Schools closed as snow storm pounds US Northeast

NEW YORK: The second winter storm in a week continued to dump wet, heavy snow on New England on Thursday, forcing schools to close, leaving more than 1 million customers without power and snarling the morning commute across the region. More snow and fierce wind gusts of up to 55 miles per hour (88 km/h) were expected from eastern New York through northern Maine on Thursday after the storm slammed the region on Wednesday, the National Weather Service said. Up to 18 inches were possible in northern New England.
Boston public schools along with dozens of schools throughout New England cancelled classes on Thursday as local officials and forecasters warned of whiteout conditions and slick roads.
Amtrak suspended passenger train services between New York City and Boston until at least 11 am EST and cancelled dozens of other routes on Thursday.
New York City residents woke to blue skies on Thursday with melting streaks of sidewalk slush the only reminder of the previous day’s bad weather.
But many commuters travelling to the city from New Jersey were foiled.
Fordham Law School Professor Robin Lenhardt, 50, was climbing the hill home from the Maplewood train station after learning that some New Jersey Transit services were suspended due to overhead wire problems. She said she would instead teach her class remotely.

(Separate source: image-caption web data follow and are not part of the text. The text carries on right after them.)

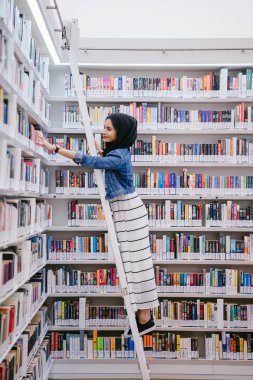 Genç, uzun, zayıf, çekici ve güzel Malezyalı Müslüman kadın kütüphanede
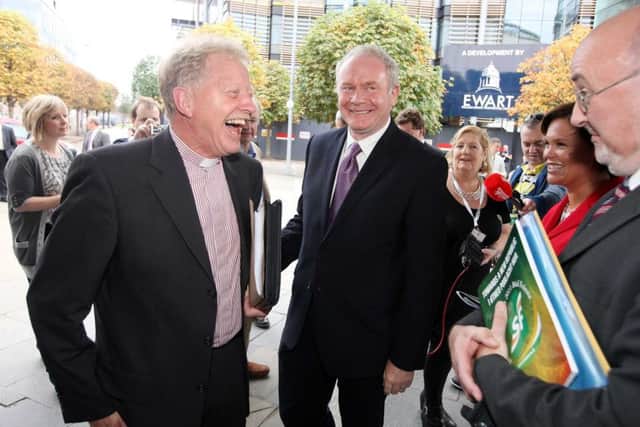 Martin McGuinness and Rev. David Latimer at the Sinn Fein Ard Fheis in 2011.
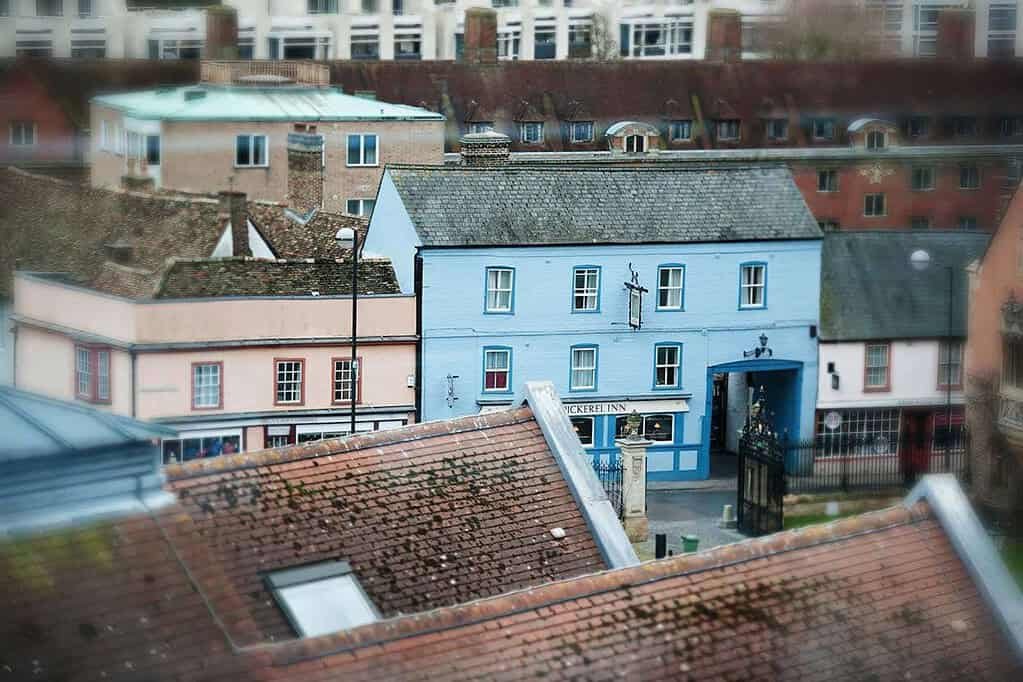 Charming blue historic inn in Cambridge city centre with traditional architecture and vibrant surroundings.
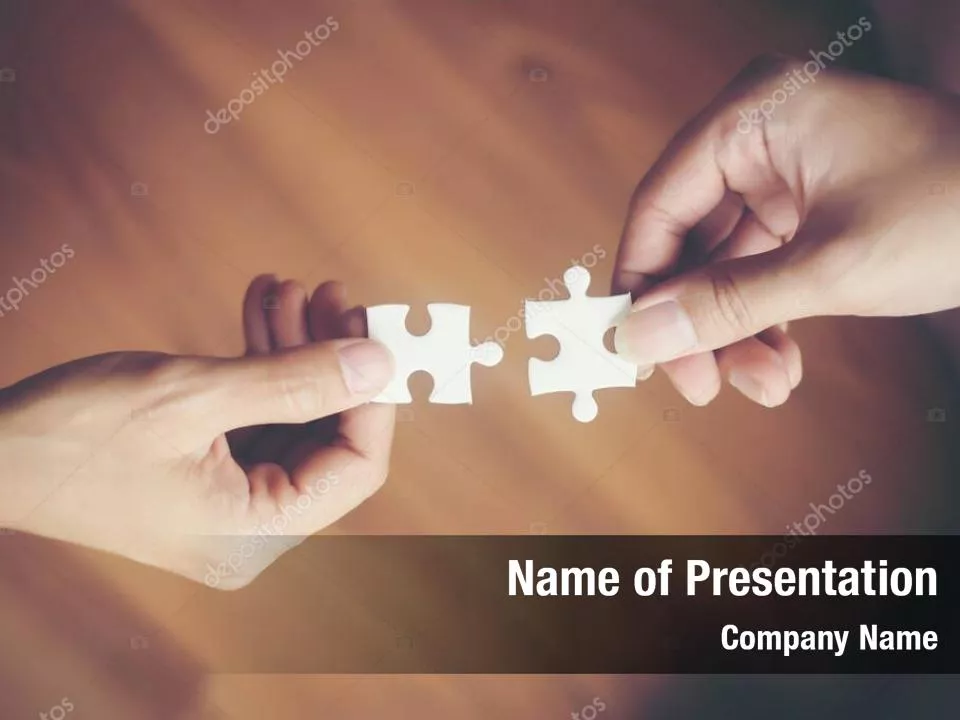 Hands Putting Puzzle Piece Together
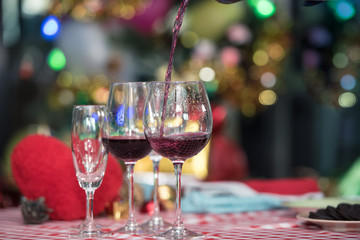 Pouring red wine into glass on Christmas tree background, Christmas celebration concept.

“It was a little bizarre to walk into the station with lots of people with fancy phones that could connect with the internet and nothing was said about trains suspended,” Lenhardt said.
Nearly 200 flights into and out of Boston Logan International airport were cancelled.
The dense snow and strong winds downed trees and power lines on Wednesday, knocking power out in more than a million homes and homes and businesses across the Northeast, utility companies said.
In Massachusetts alone more than 280,000 customers were without power.
Last week’s storm brought major coastal flooding to Massachusetts, killed at least nine people and knocked out power to about 2.4 million homes and businesses in the Northeast.